Environments

Introduction

An environment is very similar to a list, with two important differences. Firstly, an environment has reference semantics: R's usual copy on modify rules do not apply. Secondly, an environment has a parent: if an object is not found in an environment, then R will look in its parent. Technically, an environment is made up of a frame, a collection of named objects (like a list), and link to a parent environment.

You can create environments with new.env(), see their contents with ls(), and inspect their parent with parent.env():

e <- new.env()
parent.env(e)
ls(e)
e$a <- 1
ls(e)
e$a

You can extract their contents using $ or \[\[, or get. $ and \[\[ will only look in that environment, but get will also look in all parents.

b <- 2
e$b
e[["b"]]
get("b", e)

Environments can be also useful datastructures because unlike almost every other type of object in R, modification takes place without a copy. This is not something that should be undertaken lightly: it will violate users expectations about how R code works, but it can sometimes be critical for high performance code. The following example shows how you can use an environment to do this. It's important to make the parent environment the empty environment so that you don't accidentally inherit behaviour from the global environment.

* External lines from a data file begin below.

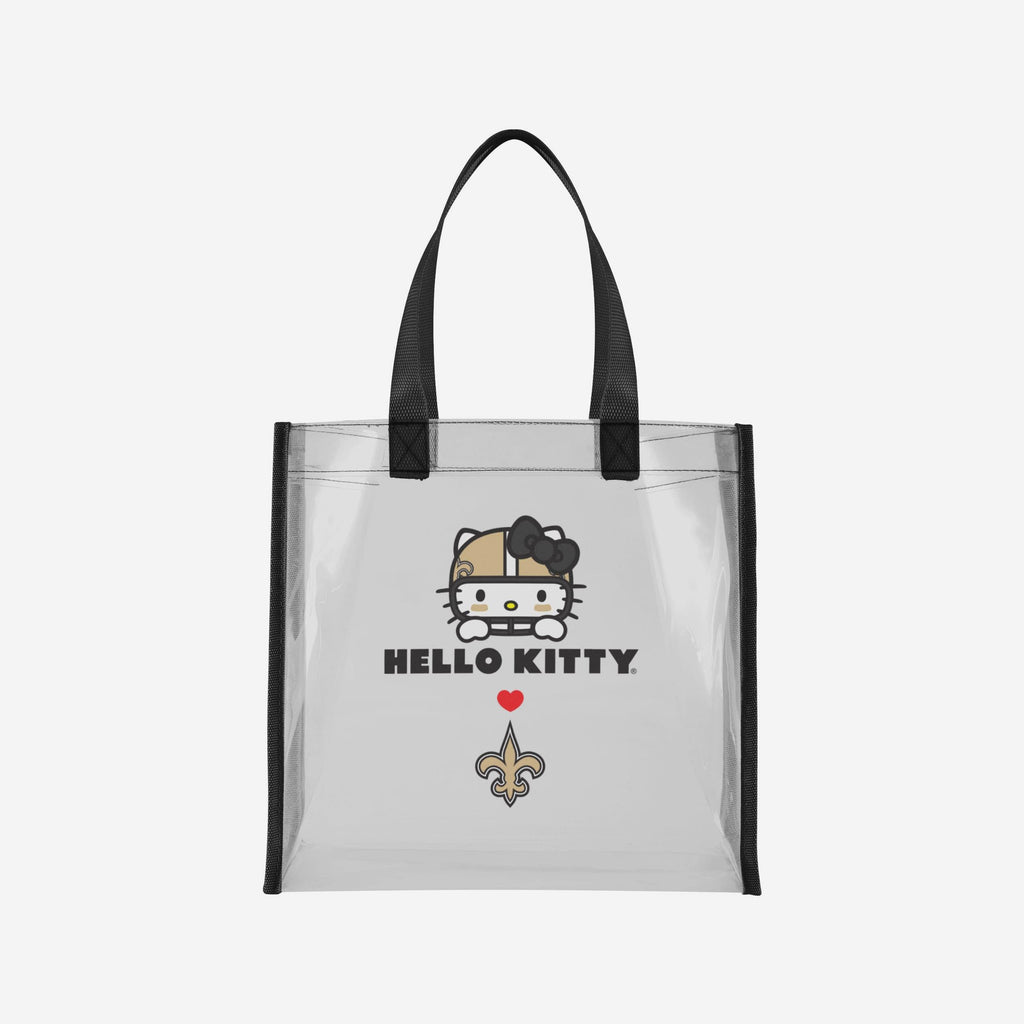 New Orleans Saints Hello Kitty® Clear Tote Bag FOCO - FOCO.com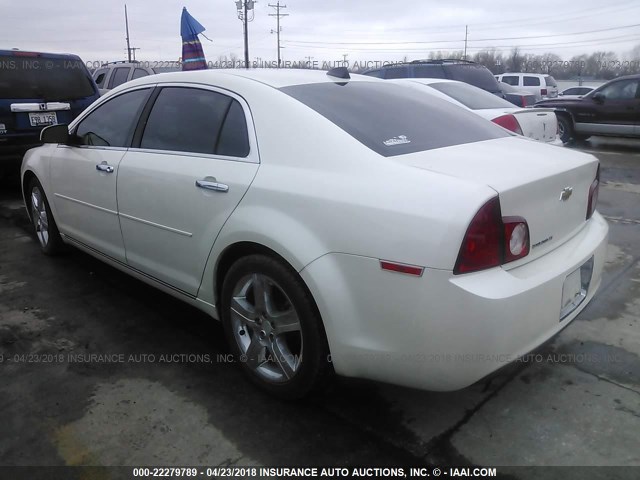 1G1ZC5E03CF221459 - 2012 CHEVROLET MALIBU 1LT 白色 照片 3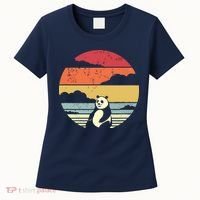 Panda Shirts Retro Style Women's T-Shirt thumb 0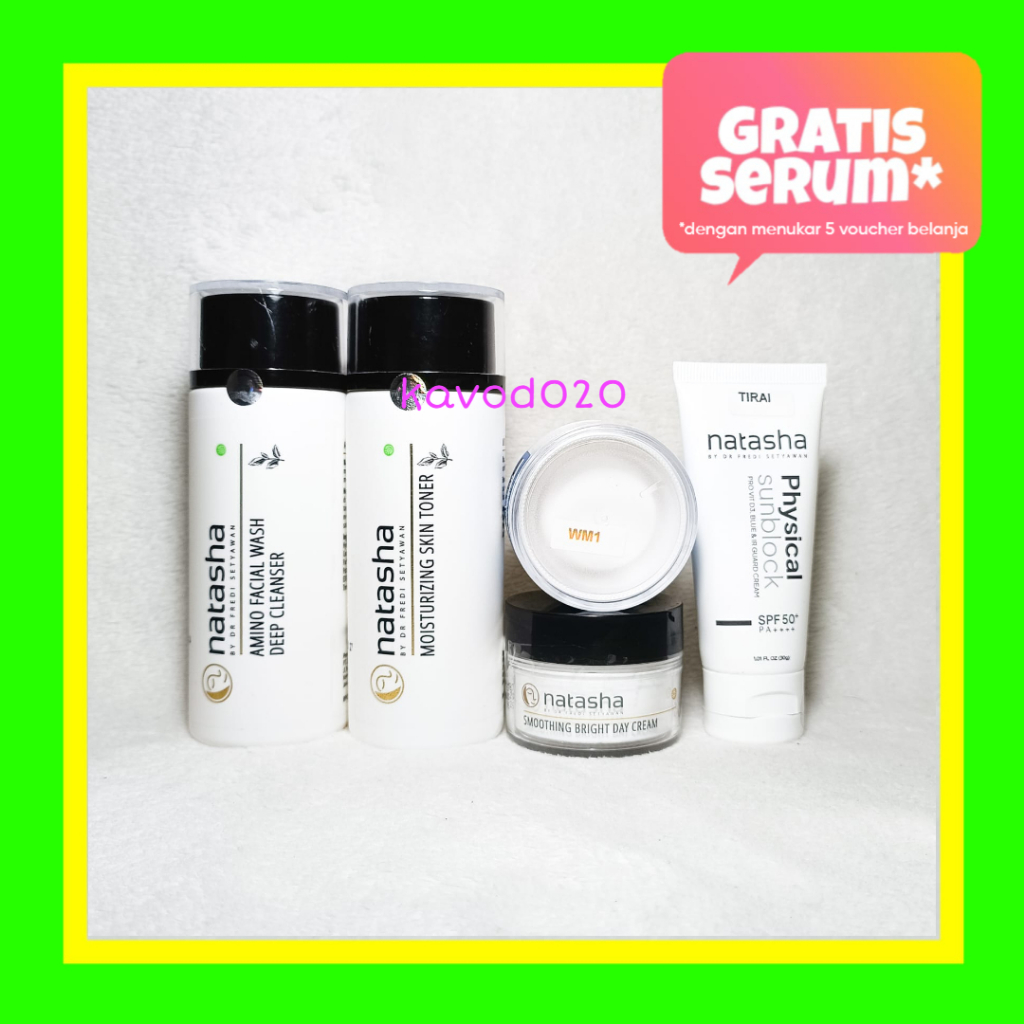 Natasha Skin Care Paket Glowing Basic Lengkap by dr Fredi Setyawan Original (Amino, Toner, SmoothBri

e <- new.env(parent = emptyenv())
f <- e

exists("a", e)
e$a
ls(e)

# Environments are reference object: R's usual copy-on-modify semantics
# do not apply
e$a <- 10
ls(e)
ls(f)
f$a

Environments can be used as hashes. See the CRAN package hash for an example. However, since the addition of R5, you're generally better of using reference classes instead of raw environments.

There are a few special environments that you can access directly:

globalenv(): the user's workspace
baseenv(): the environment of the base package
emptyenv(): the ultimate ancestor of all environments

The only environment that doesn't have a parent is emptyenv(), which is the eventual parent of every other environment. The most common environment is the global environment (globalenv()) which corresponds to the to your top-level workspace. The parent of the global environment is one of the packages you have loaded (the exact order will depend on which packages you have loaded in which order). The eventual parent will be the base environment, which is the environment of "base R" functionality, which has the empty environment as a parent.

Function environments

Environments are the data structure that powers scoping. There are multiple environments associated with each function, and it's easy to get confused between them.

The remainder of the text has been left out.